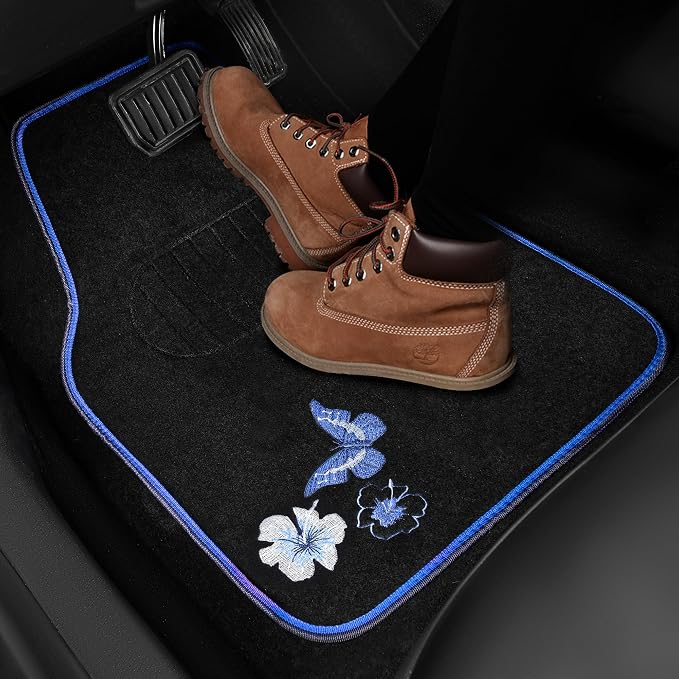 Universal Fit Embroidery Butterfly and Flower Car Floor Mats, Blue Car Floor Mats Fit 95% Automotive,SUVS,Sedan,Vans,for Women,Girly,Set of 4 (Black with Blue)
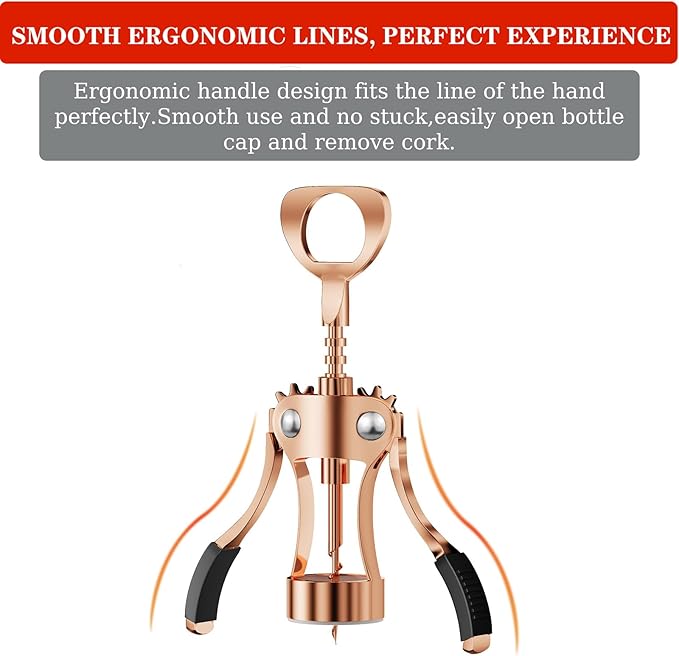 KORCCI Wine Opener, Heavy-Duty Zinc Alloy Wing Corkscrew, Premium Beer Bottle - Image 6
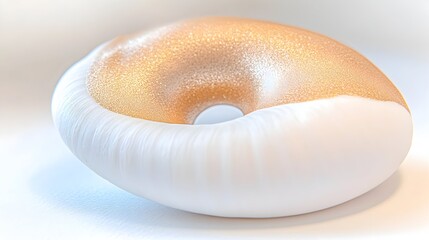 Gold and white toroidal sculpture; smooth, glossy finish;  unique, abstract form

● ● ● ●

== Work request ==
Would you copy all of the data exactly? Keep the pictures out of it.

== Solution to the exercise ==
 Universal Fit Embroidery Butterfly and Flower Car Floor Mats, Blue Car Floor Mats Fit 95% Automotive,SUVS,Sedan,Vans,for Women,Girly,Set of 4 (Black with Blue)
 KORCCI Wine Opener, Heavy-Duty Zinc Alloy Wing Corkscrew, Premium Beer Bottle - Image 6
 Gold and white toroidal sculpture; smooth, glossy finish;  unique, abstract form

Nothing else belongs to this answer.